De hecho, tenemos todos en mente un contraejemplo
muy claro: la reforma del art. 135 CE. Por su contenido, se podría
perfectamente argumentar que dicha reforma es inconstitucional en el sentido,
por ejemplo, de que afecta a la soberanía del pueblo español y a la capacidad
de los poderes públicos de mantener y promover (lo que es un mandato
constitucional también) políticas públicas (familia, educación, sanidad, etc.)
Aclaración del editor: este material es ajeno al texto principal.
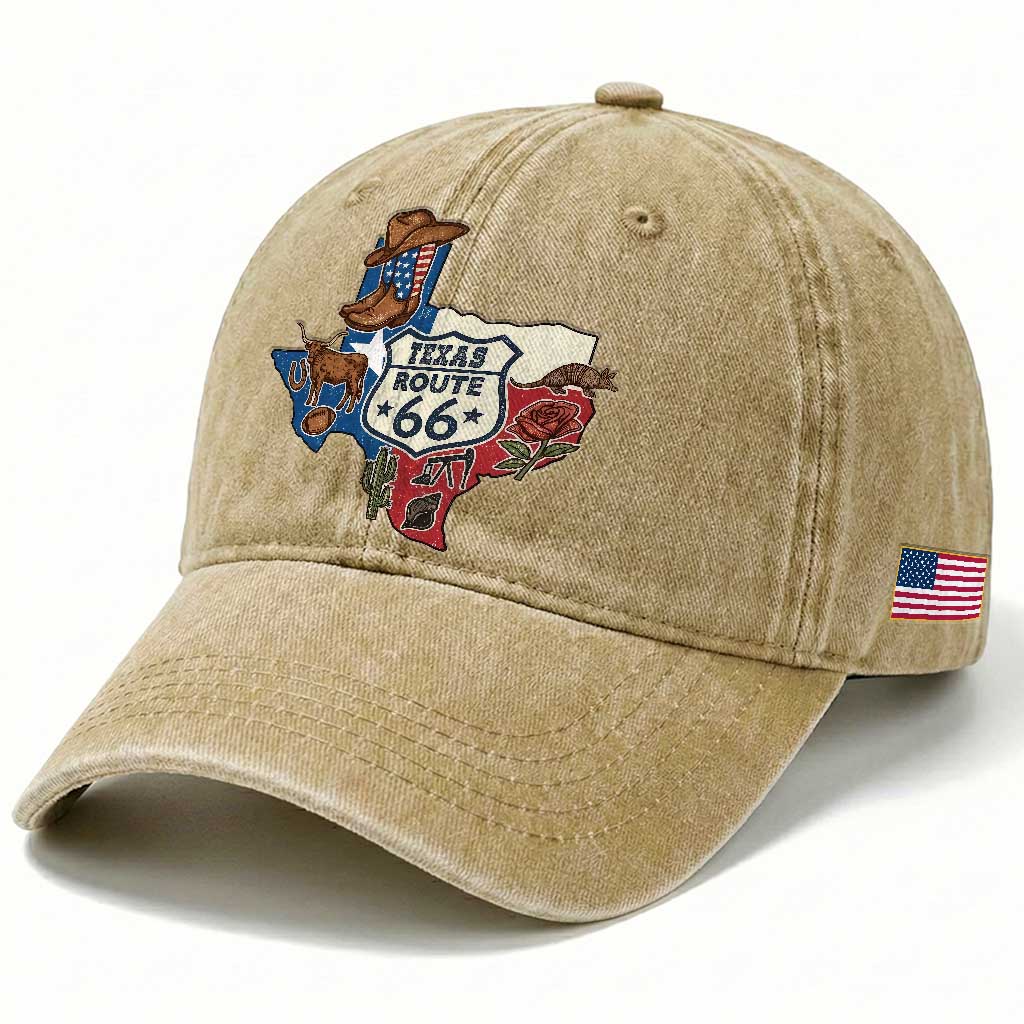 Texas Route Highway 66 Adventure Washed Cotton Baseball Cap Desert Road Trip Graphic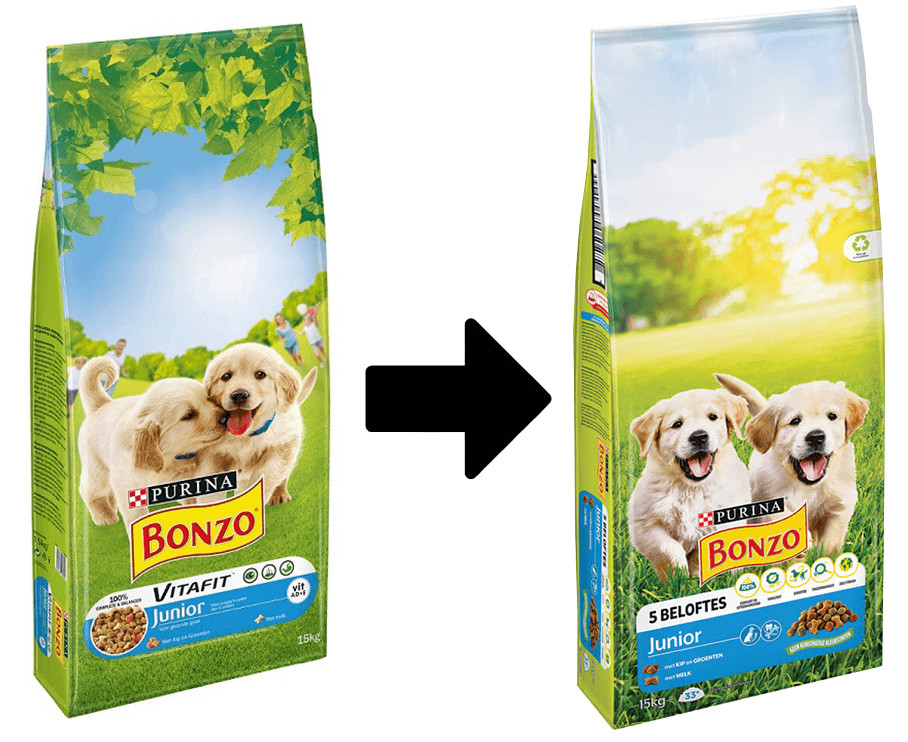 Purina Bonzo Junior met kip, groenten, melk hondenvoer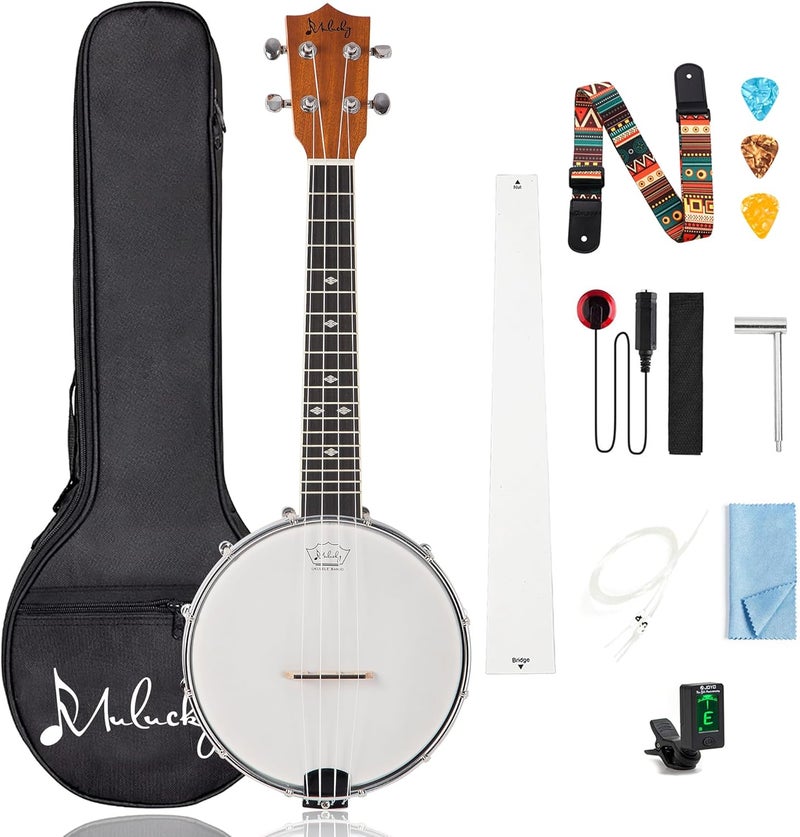 Mulucky 4-String Banjo Ukulele | Banjolele 23" Sapele Wood with Remo Head & Nylon Strings | Dark Brown Travel Kit (Bag, Tuner, Picks) - BU8017 - Image 1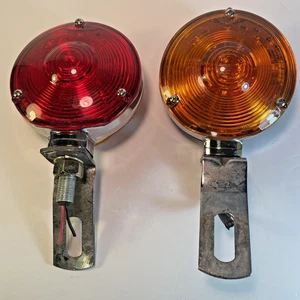 PAR de lámparas traseras rojas ámbar de doble cara vintage para semirremolque carcasa cromada - Imagen 1 de 10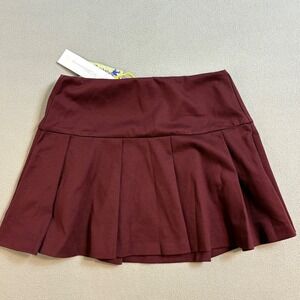 NWT BCBGeneration Brulee Burgundy Skater Pleated Knit Mini Skirt Small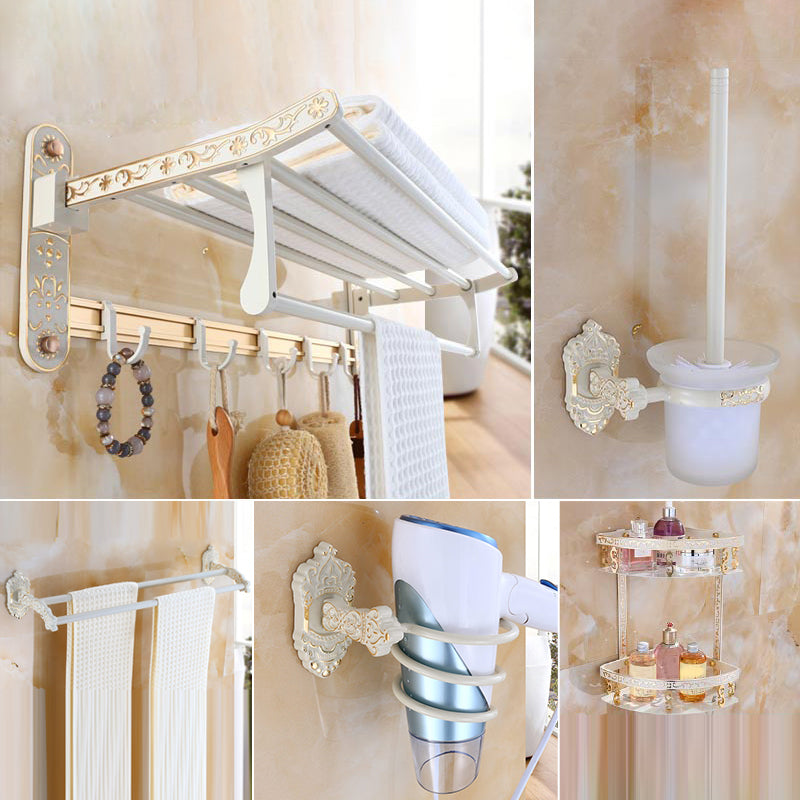 Traditional Metal Bathroom Accessories Hardware Set with Paper Holder Not Available 5-Piece Set (Hair Dryer Holder) Clearhalo 'Bathroom Hardware Sets' 'Bathroom Hardware' 'Bathroom Remodel & Bathroom Fixtures' 'bathroom_hardware_sets' 'Home Improvement' 'home_improvement' 'home_improvement_bathroom_hardware_sets' 7116973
preocupadas -digamos- por el bienestar general. En cierto sentido, atenta más a
la soberanía del pueblo español esa reforma que una eventual independencia de
Cataluña, pues, al margen de la pérdida territorial y poblacional, la soberanía
del resto de españoles no se tendría por qué ver afectada. Y sin embargo ahí
está la reforma del art. 135 CE, forma parte de nuestra legalidad
constitucional actual.
Otro ejemplo lo encontramos en el recurso
presentado contra el EAC reformado, que motivará, como se sabe, la STC 31/2010.
¿Qué hubiera pasado si no se hubiese presentado recurso contra el EAC? Pues lo
siguiente: que una norma con apariencia clara de inconstitucionalidad
(parcial), sería totalmente constitucional. Se me dirá que no es lo que ha
pasado, que habido recurso y sentencia fallando su inconstitucionalidad, etc.
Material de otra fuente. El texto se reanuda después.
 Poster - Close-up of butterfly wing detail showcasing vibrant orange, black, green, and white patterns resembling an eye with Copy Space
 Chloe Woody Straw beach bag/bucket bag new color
Pero no es esto lo que me interesa. Lo que deseo hacer ver es que si no hubiera
habido recurso (escenario posible) el EAC sería constitucionalmente irreprochable.
Esto lo han advertido por lo demás algunos observadores, que no han dudado
incluso en echar la culpa del conflicto político actual al partido político que
entonces sometió a examen del TC la constitucionalidad del texto.
Concluyo ya. La conclusión más clara que podemos
sacar de lo antedicho es que no hay diferencia alguna entre Constitución
escrita y no escrita a la hora de hablar de mayor o menor permisividad, o mayor
o menor grado de libertad en manos del Gobierno del Estado, respecto de la
posibilidad de celebración de un referéndum de independencia. En Escocia se
celebra porque lo ha aceptado el Parlamento inglés, y en Cataluña no se
celebra, no porque no lo acepte la Constitución, sino porque el Gobierno español
no lo acepta. Los límites que imponen las Constituciones rígidas son límites
siempre franqueables si media una voluntad política lo suficientemente fuerte.
Y la realidad del Derecho es que siempre existen vías para canalizar una
voluntad política, sea cual sea el contenido (aparentemente constitucional o
no) que dicha voluntad quiere imponer.
Por supuesto, puede entenderse la Constitución en
un sentido normativo fuerte, es decir, como una norma que obliga a los poderes
públicos a hacer o a abstenerse de hacer ciertas cosas. En ese sentido van las
recomendaciones de Ferrajoli[i],
por ejemplo. Y pueden establecerse mecanismos jurídicos eficaces (podemos
pensarlo) para asegurarse de que los poderes públicos harán lo que la Constitución
manda y no harán lo que la Constitución prohíbe. Pero importa subrayar que éste
no es –por desgracia quizás (queda en el aire la cuestión de saber si un
sistema normativo fuerte sería capaz de contener los desbordamientos de los
poderes públicos –lo dudo-, pero ya es otro tema)- el modo en que funcionan
nuestros sistemas jurídicos y nuestras constituciones. La realidad del derecho
es otra; la de nuestras constituciones escritas también: su rigidez formal
contrasta con su flexibilidad (o débil normativismo) material.
[i] Ver: Principia
Iuris. Teoría del derecho y de la democracia, 3 vols., Madrid, Trotta, 2011.
Para una discusión en torno a sus planteamientos, puede consultarse el
monográfico que le fue dedicado por la revista Doxa: Cuadernos de Filosofía del Derecho (n° 34, 2011).